**Brief**
Leaving out all pictures, reproduce the entries below exactly, from the first line through the line that contains "开云(中国)kaiyun网页".

Short text fragments from websites:
═══

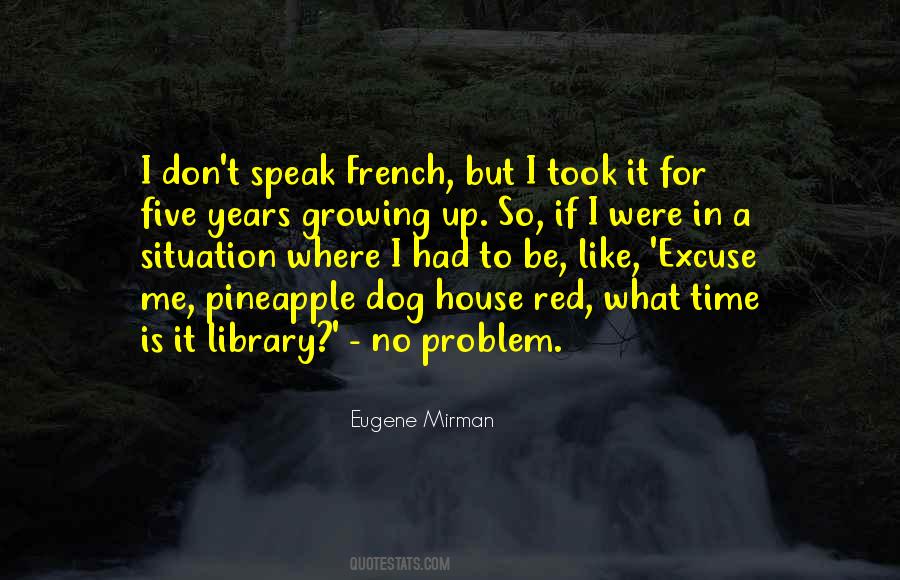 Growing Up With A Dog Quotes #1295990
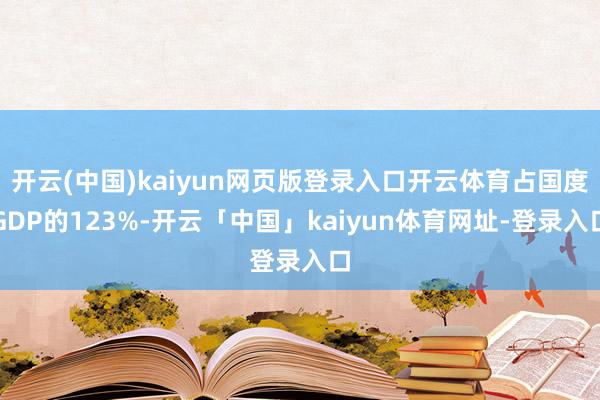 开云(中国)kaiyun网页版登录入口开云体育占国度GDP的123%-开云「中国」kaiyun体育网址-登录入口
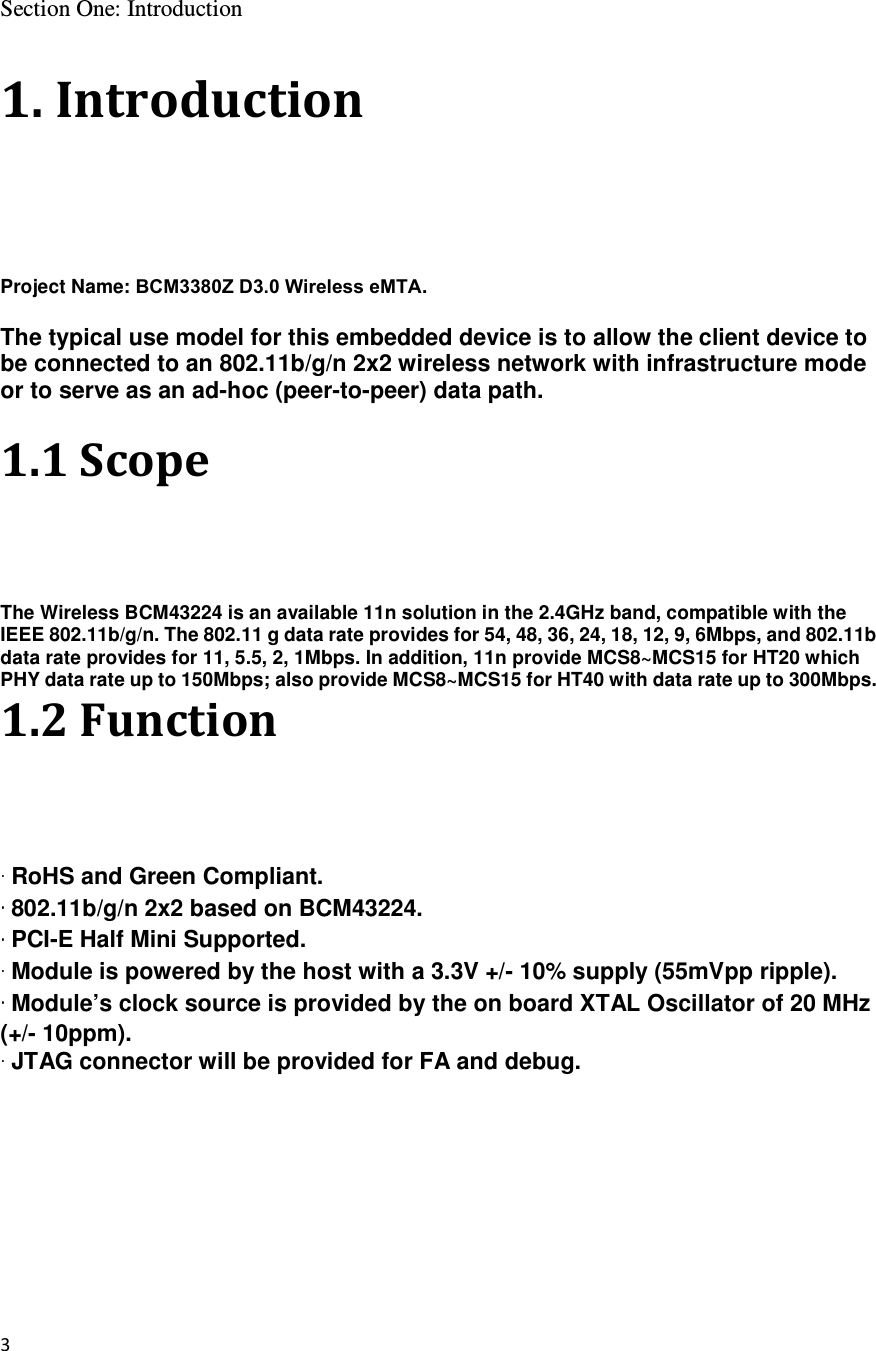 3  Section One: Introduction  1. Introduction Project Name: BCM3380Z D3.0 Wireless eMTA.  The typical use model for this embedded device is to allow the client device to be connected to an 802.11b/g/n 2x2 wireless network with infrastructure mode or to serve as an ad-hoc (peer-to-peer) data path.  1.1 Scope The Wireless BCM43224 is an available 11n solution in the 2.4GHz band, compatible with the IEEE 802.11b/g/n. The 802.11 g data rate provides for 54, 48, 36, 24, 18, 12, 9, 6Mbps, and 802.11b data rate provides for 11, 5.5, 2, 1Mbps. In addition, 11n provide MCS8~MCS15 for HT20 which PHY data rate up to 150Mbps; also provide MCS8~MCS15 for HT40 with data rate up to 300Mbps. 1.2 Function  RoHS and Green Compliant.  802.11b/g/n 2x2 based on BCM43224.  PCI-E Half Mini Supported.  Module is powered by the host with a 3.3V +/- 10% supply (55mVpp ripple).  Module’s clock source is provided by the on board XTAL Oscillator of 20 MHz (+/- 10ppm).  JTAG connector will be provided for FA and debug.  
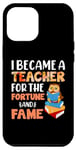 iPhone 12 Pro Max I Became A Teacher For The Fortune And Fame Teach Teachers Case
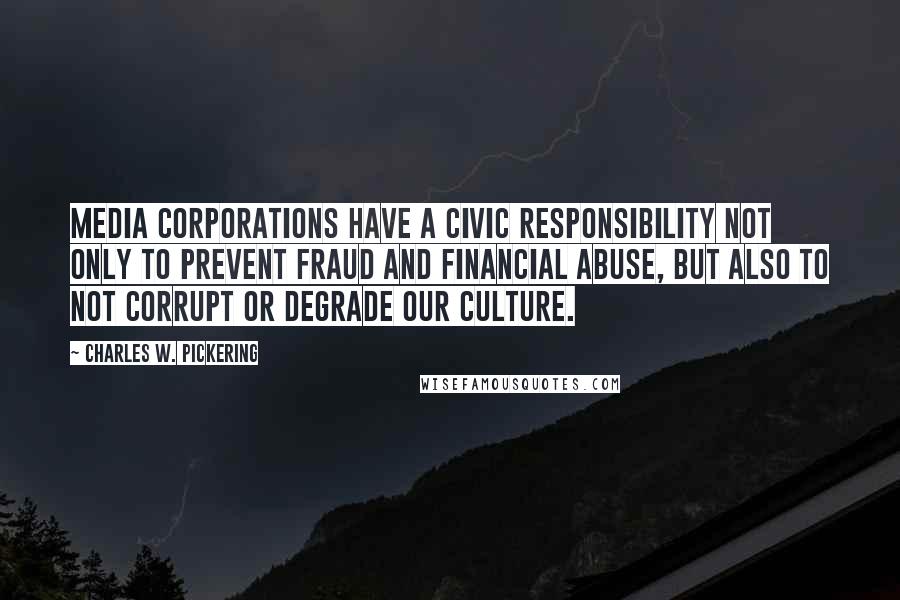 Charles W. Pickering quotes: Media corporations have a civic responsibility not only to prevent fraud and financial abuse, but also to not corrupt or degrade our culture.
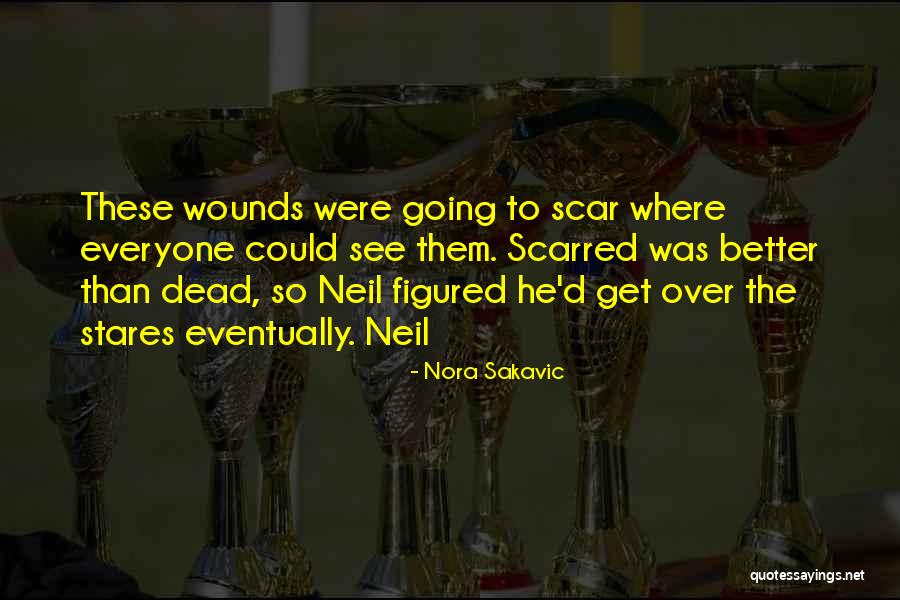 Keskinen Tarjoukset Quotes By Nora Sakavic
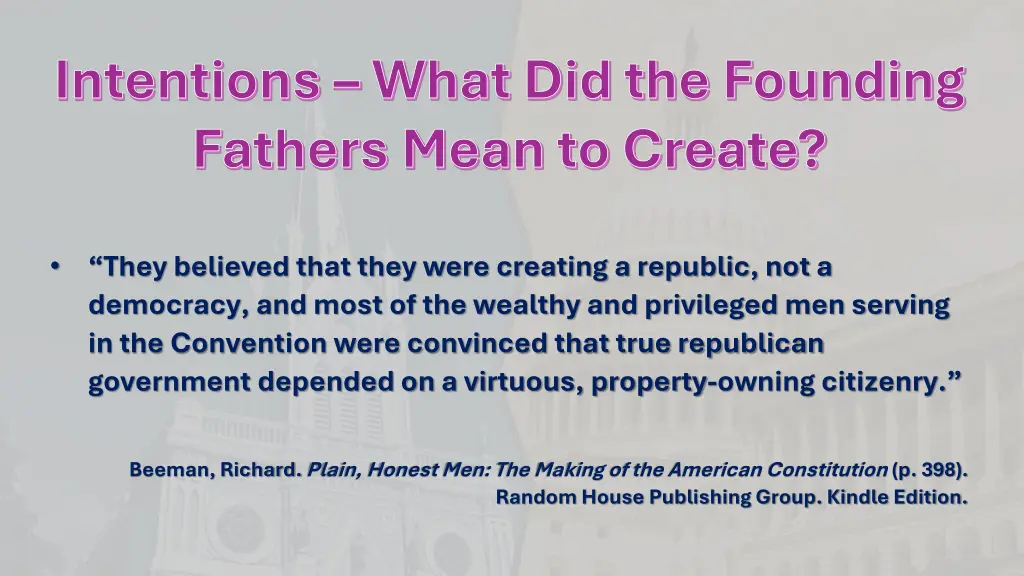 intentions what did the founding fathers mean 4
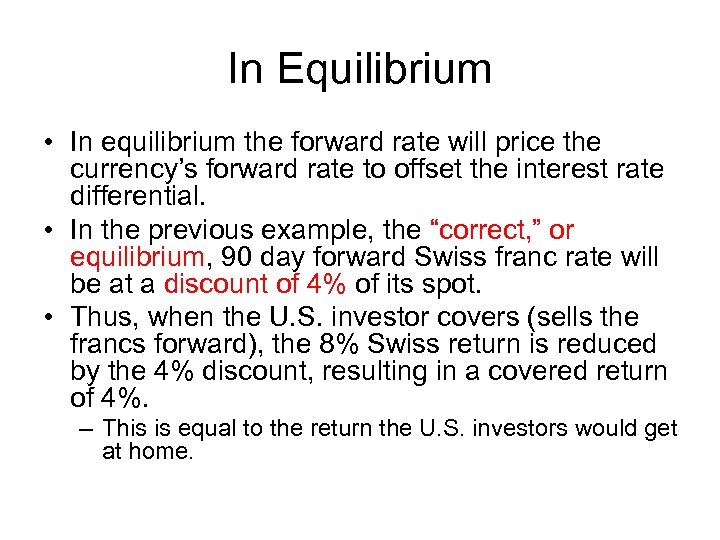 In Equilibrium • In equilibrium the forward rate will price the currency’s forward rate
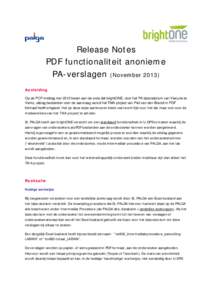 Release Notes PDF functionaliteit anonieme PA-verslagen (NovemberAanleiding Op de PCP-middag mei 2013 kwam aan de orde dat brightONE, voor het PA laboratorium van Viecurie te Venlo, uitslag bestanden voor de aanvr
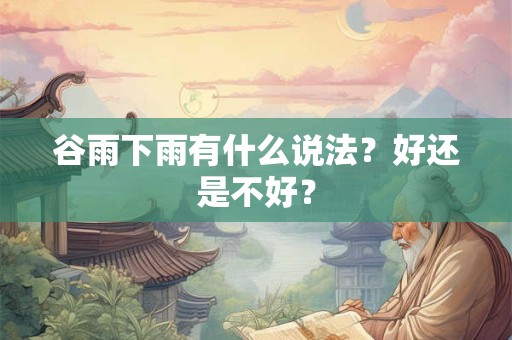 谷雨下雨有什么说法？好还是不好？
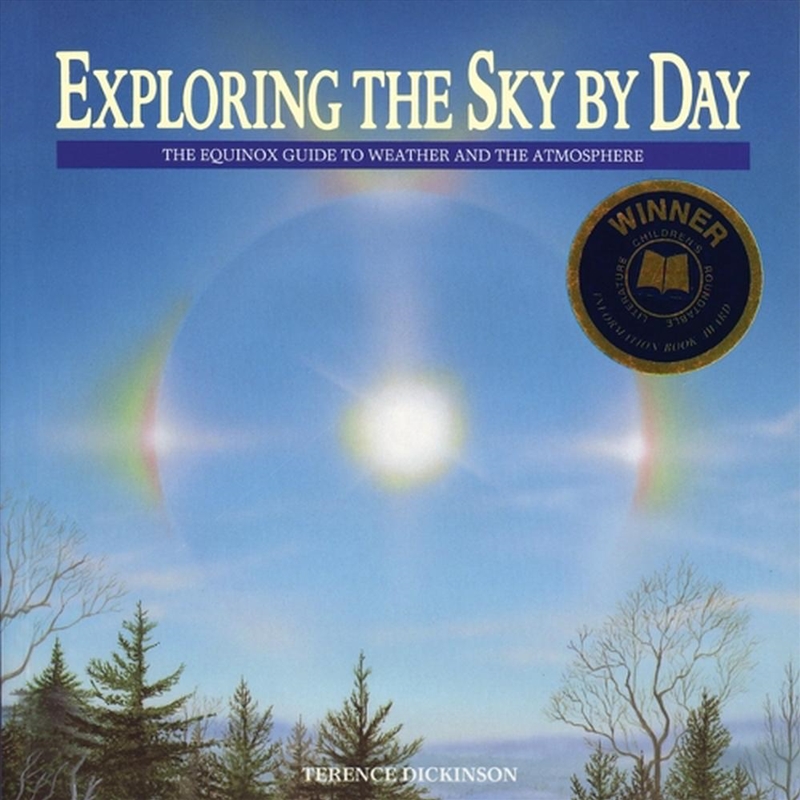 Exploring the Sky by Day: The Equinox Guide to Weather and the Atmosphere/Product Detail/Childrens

═══

**Task answer**
 Growing Up With A Dog Quotes #1295990
 开云(中国)kaiyun网页版登录入口开云体育占国度GDP的123%-开云「中国」kaiyun体育网址-登录入口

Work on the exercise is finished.